L’association Angels in Motion lui vient en aide de manière quasi quotidienne. «Le plus difficile pour Alicia est de s’engager de manière ferme à commencer une cure de désintoxication, regrette Dawn. Lorsque les consommateurs se sentent prêts, nous sommes là pour les aider.»
Dans la pratique, toutefois, les choses sont doublement compliquées pour des personnes comme Alicia. A la suite de leurs antécédents judiciaires, elles doivent entamer leur cure de désintoxication en prison avant de pouvoir intégrer un centre de désintoxication «classique». «C’est là une double peine, avance la responsable de l’association. Décider de suivre une cure de désintoxication est déjà difficile. Devoir la commencer en prison est pire encore.»
Le «parc des seringues»
Plus tard, la petite équipe de Angels in Motion arrive à McPherson Square, un parc public aussi appelé «Needle Park» (le parc des seringues), haut lieu du trafic et de la consommation de drogues à Philadelphie. Les toxicomanes y sont présents en nombre, la majorité dans un état comateux. Les pelouses sont jonchées de seringues et de détritus divers.
Des fidèles d’une église locale ont installé un stand et une sono et encouragent les toxicomanes à se tourner vers le Christ pour se sortir d’affaire. Peu semblent prêter attention à ces exhortations. Tous sont plus ou moins défoncés. «Il faut qu’ils demandent de l’aide, qu’ils soient prêts à y aller, mais il n’y en a pas beaucoup qui semblent en état de faire la démarche en ce sens.»
L’ONG d’assistance aux toxicomanes relaie sur sa page Facebook des appels de familles épouvantées de ne pas avoir eu de nouvelles de certains de leurs proches depuis des semaines ou des mois. Une large part d’entre eux se trouvent sans doute dans les environs de Kensington, incapables encore de renouer les liens avec leurs proches.
Dans les écoles aussi
La situation des accros aux opioïdes est telle dans les grandes villes américaines que les autorités locales se sentent complètement dépassées. Les places manquent en centre de désintoxication, et les budgets de la police, des pompiers et des centres d’aide sont épuisés.

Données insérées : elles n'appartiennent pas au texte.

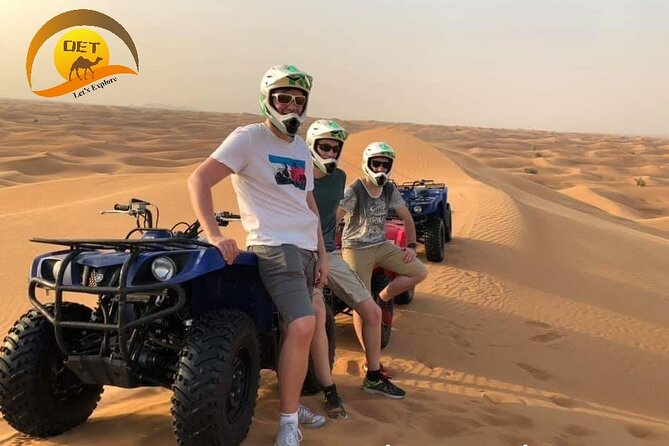 Dubai Desert Safari with Quad Bike, sandboarding, live show & BBQ - Quad biking at Lahbab: what you’re really signing up for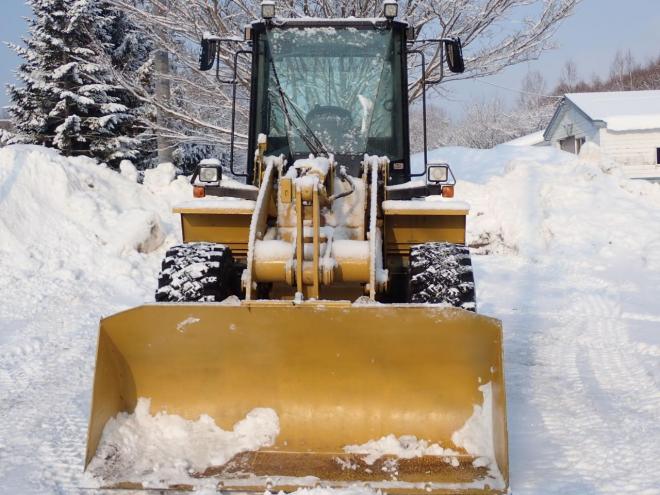 ホイールローダ910G スパイクタイヤ　恵庭ヤード 4WD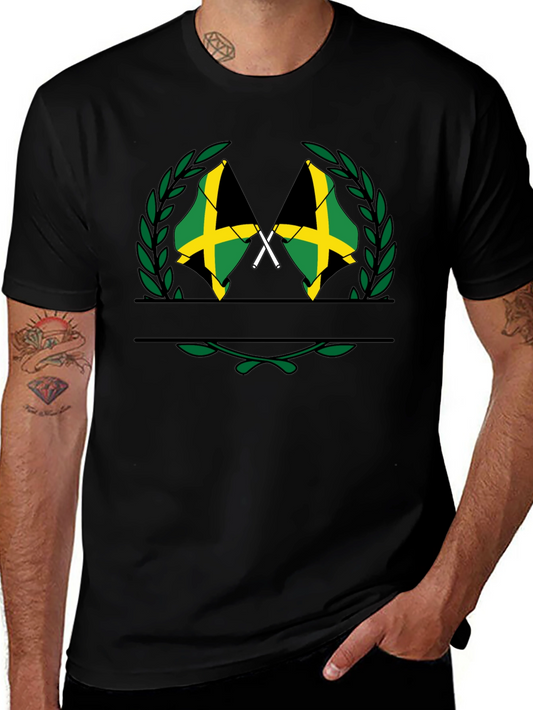 Jamaican Flag Crest T-Shirt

La crise touche aussi les écoles. Les producteurs ont en effet mis sur le marché des comprimés de «rainbow fentanyl» qui ont l’apparence de bonbons et essaiment dans les campus scolaires, de Los Angeles et Philadelphie.

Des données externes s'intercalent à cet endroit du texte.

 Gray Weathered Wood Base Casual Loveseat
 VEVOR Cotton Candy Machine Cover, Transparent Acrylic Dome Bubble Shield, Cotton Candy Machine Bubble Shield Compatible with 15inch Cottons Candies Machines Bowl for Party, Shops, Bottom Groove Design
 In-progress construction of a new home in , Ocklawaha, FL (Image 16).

De nombreux jeunes se laissent tenter et tombent dans un cycle de dépendance, tant leur potentiel addictif est surpuissant. Conséquence, beaucoup d’ établissements scolaires à travers le pays se sont dotés de petits kits d’urgence de Narcan, le seul médicament connu assez puissant pour pouvoir annihiler quasi instantanément les effets d’une overdose.
Leur seule arme
Du Narcan, Dawn et ses amies en possèdent aussi plusieurs kits. Elles y ont régulièrement eu recours. C’est là leur seule arme contre un phénomène qui, ressentent-elles, les submerge: «Pour la plupart des drogués, les intégrer dans un chemin de réinsertion s’avérera extrêmement difficile. Prolonger leur vie d’une semaine, d’un ou de quelques mois est déjà, pour nous, une victoire. C’est triste mais c’est comme cela.»